## EXERCISE INSTRUCTIONS
Each entry below is to be returned exactly, with any pictures left out.

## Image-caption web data
━━━━━━━━━━━━━━━━━━━━━━━━━━━━━━
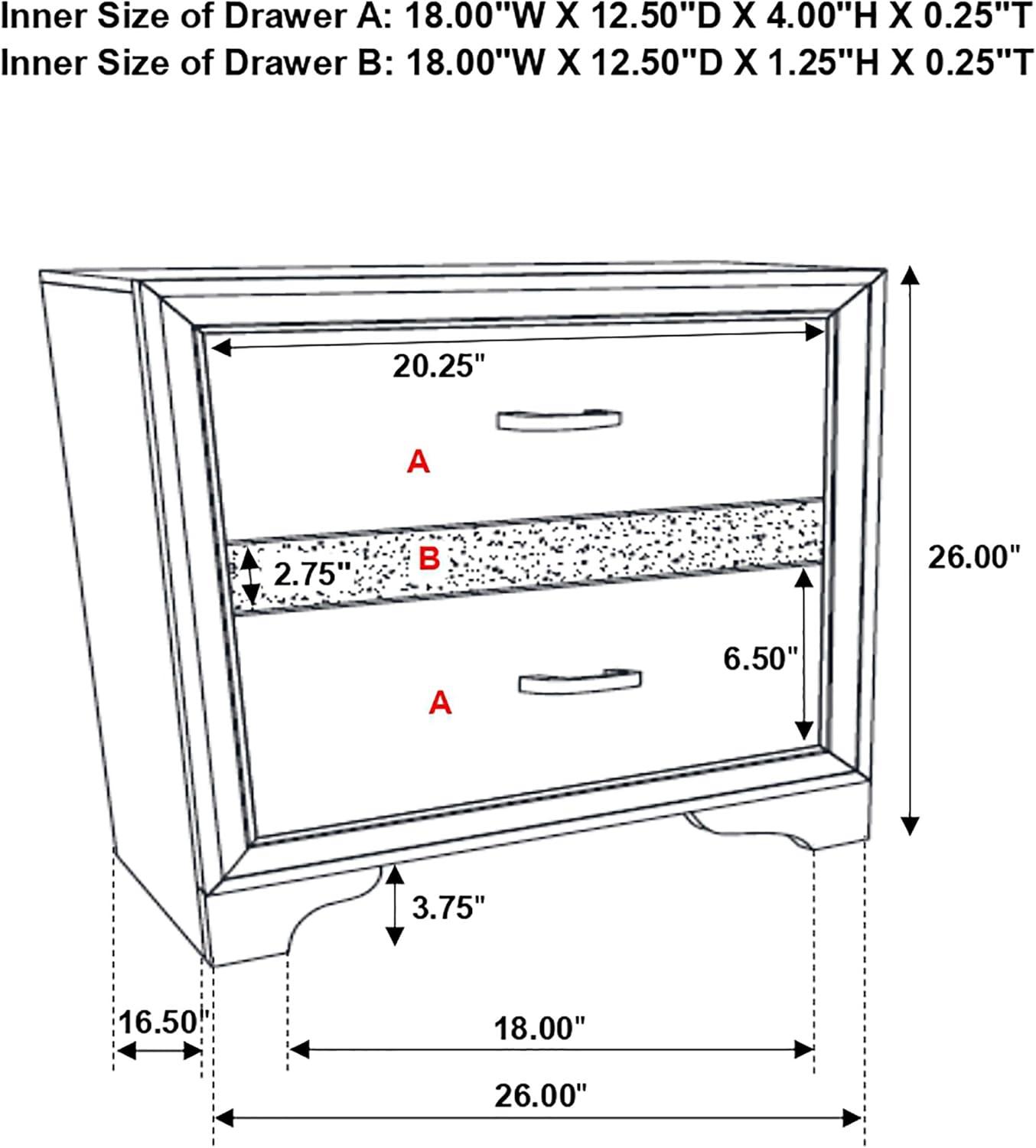 Miranda Nightstand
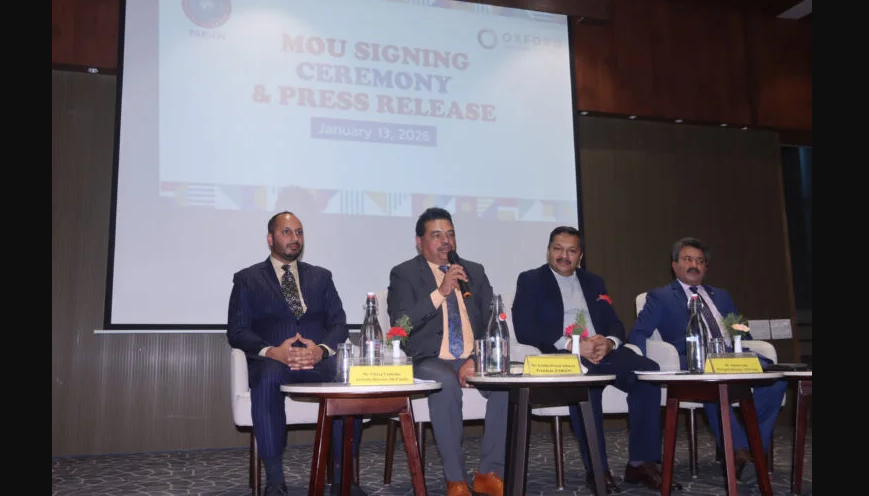 पठन संस्कृतिका लागि प्याब्सन र अक्सफोर्ड युनिभर्सिटी, इन्डियाबीच सम्झौता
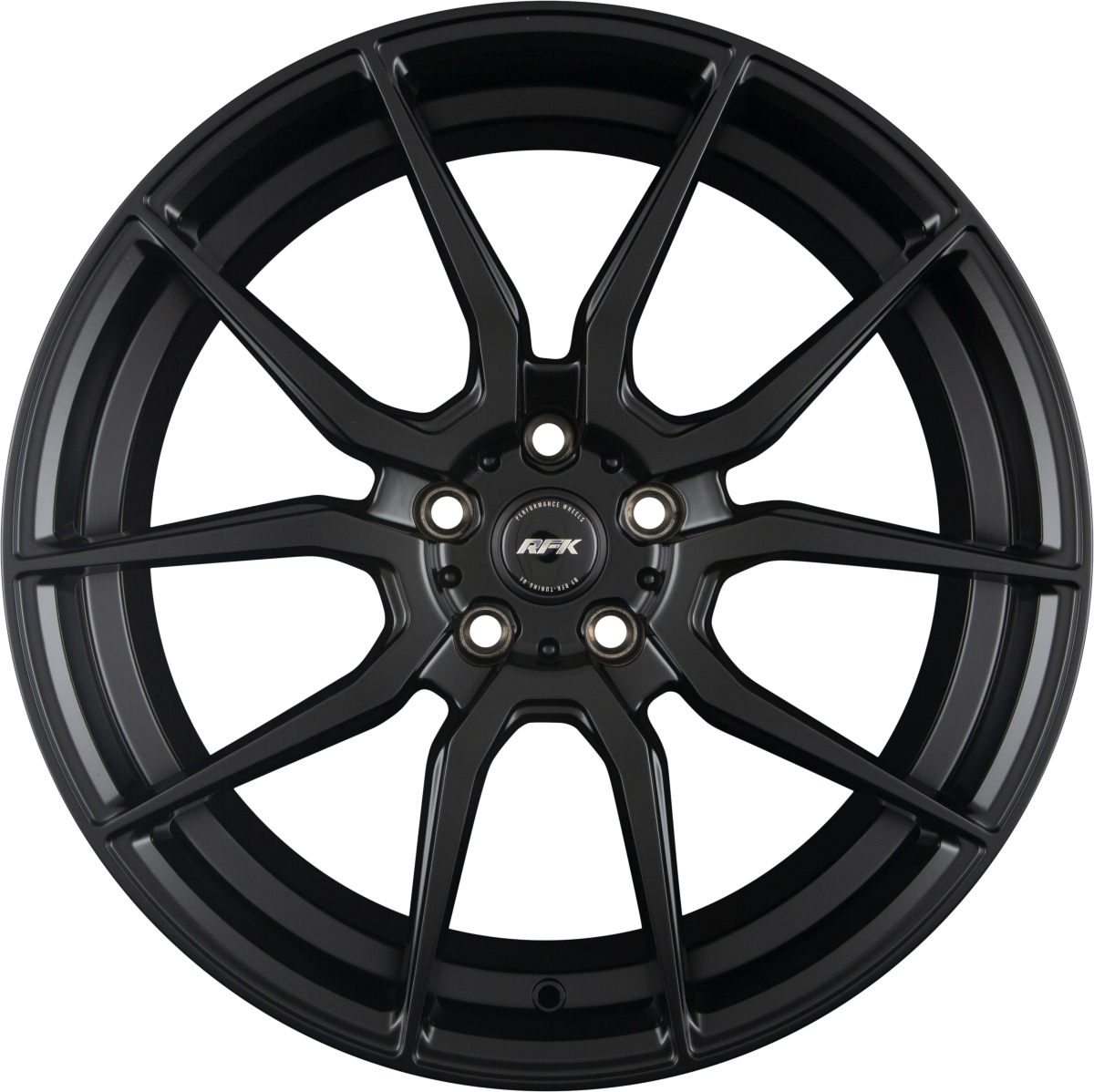 RFK Wheels GLS303 satin black Alufelge 9x20 Zoll ET35 LK 5x112 ML57.1 – Bild 3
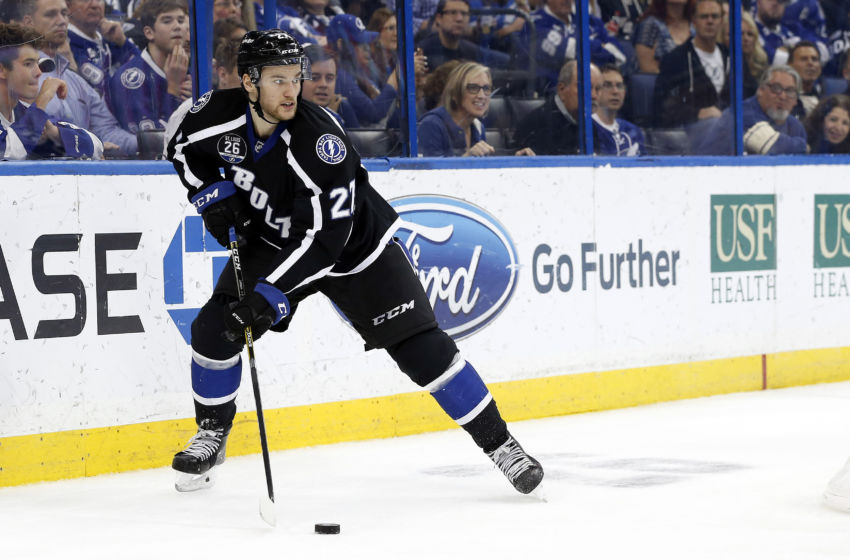 NHL: Columbus Blue Jackets at Tampa Bay Lightning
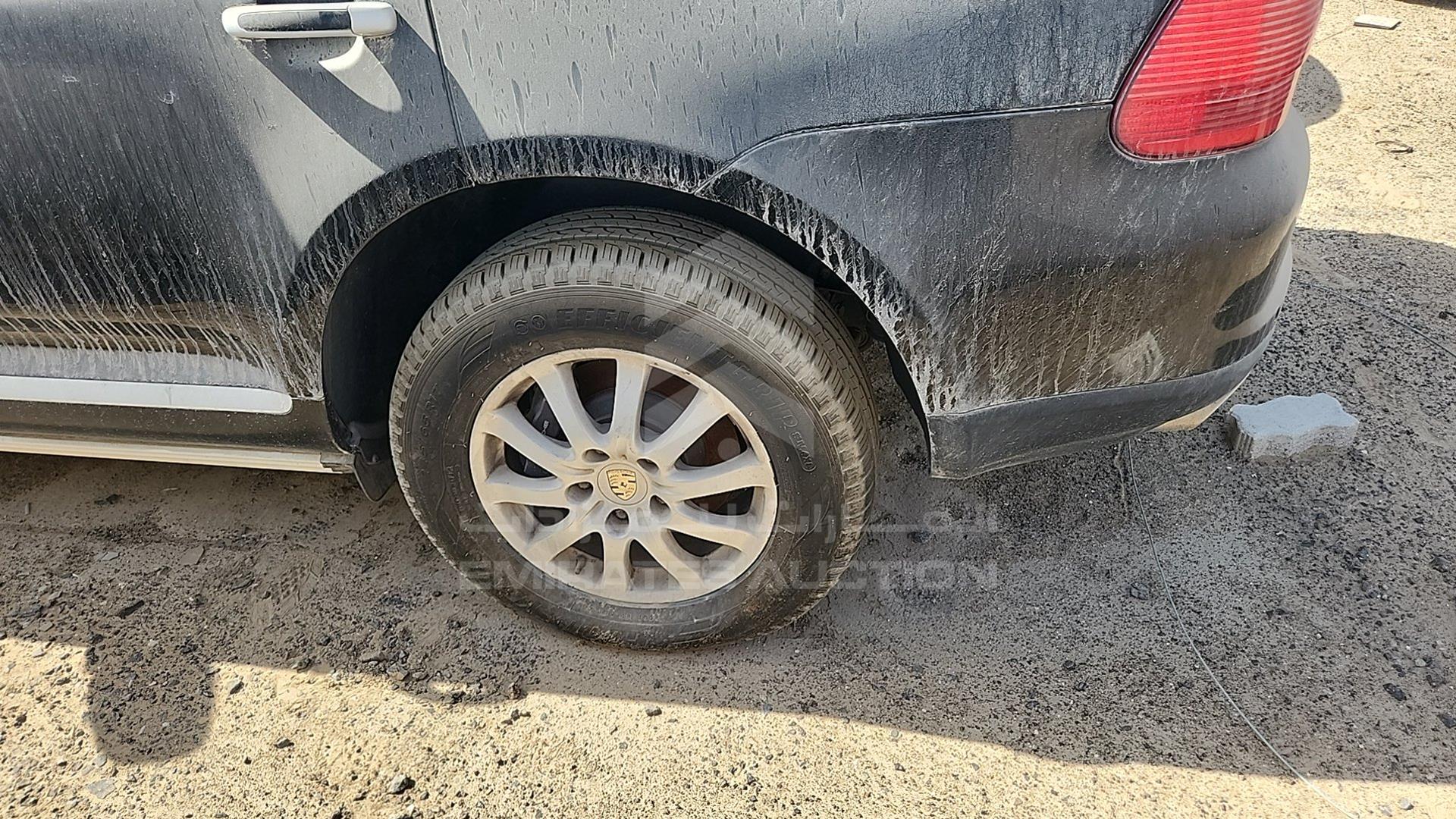 2005 PORSCHE CAYENNE VIN: WP1ZZZ9PZ5LA08040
━━━━━━━━━━━━━━━━━━━━━━━━━━━━━━
## WRITTEN ANSWER
 Miranda Nightstand
 पठन संस्कृतिका लागि प्याब्सन र अक्सफोर्ड युनिभर्सिटी, इन्डियाबीच सम्झौता
 RFK Wheels GLS303 satin black Alufelge 9x20 Zoll ET35 LK 5x112 ML57.1 – Bild 3
 NHL: Columbus Blue Jackets at Tampa Bay Lightning
 2005 PORSCHE CAYENNE VIN: WP1ZZZ9PZ5LA08040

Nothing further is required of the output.